### Action item
The material below includes pictures; leave them out and return only the lines between the line containing "Used 2026 Kia Carnival FWD image 22" and the line containing "Set coordinato donna", inclusive, word for word.

### Supplied data
####################

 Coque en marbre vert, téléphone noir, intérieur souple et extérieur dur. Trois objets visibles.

####################

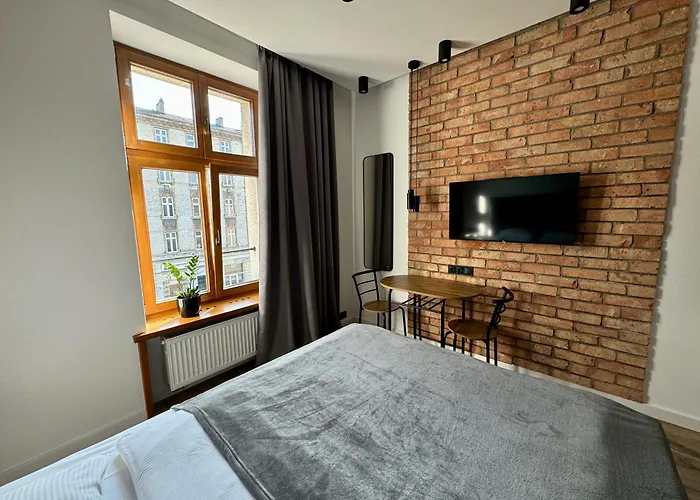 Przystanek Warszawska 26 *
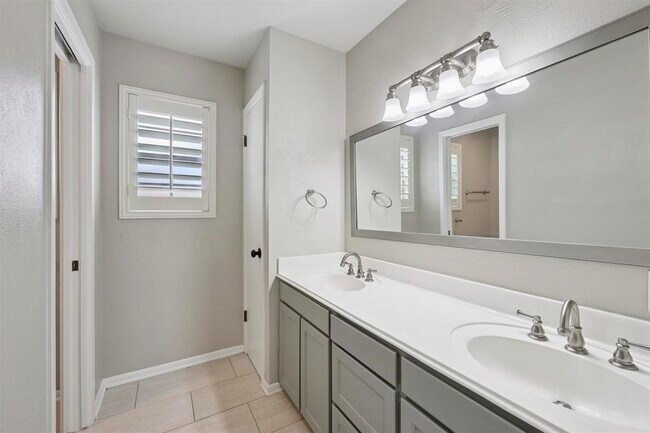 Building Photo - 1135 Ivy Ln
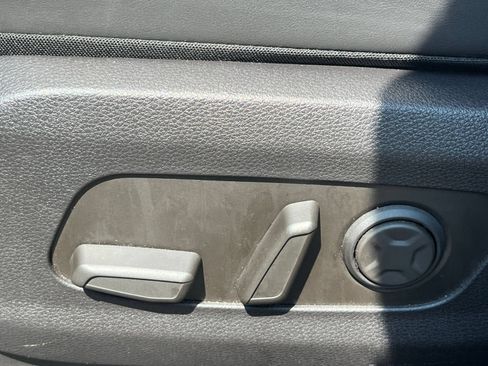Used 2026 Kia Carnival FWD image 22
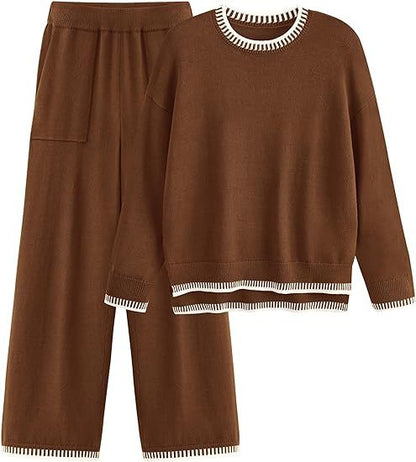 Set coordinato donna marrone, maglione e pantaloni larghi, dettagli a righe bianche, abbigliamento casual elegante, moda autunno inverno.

####################

### Response
Used 2026 Kia Carnival FWD image 22
 Set coordinato donna marrone, maglione e pantaloni larghi, dettagli a righe bianche, abbigliamento casual elegante, moda autunno inverno.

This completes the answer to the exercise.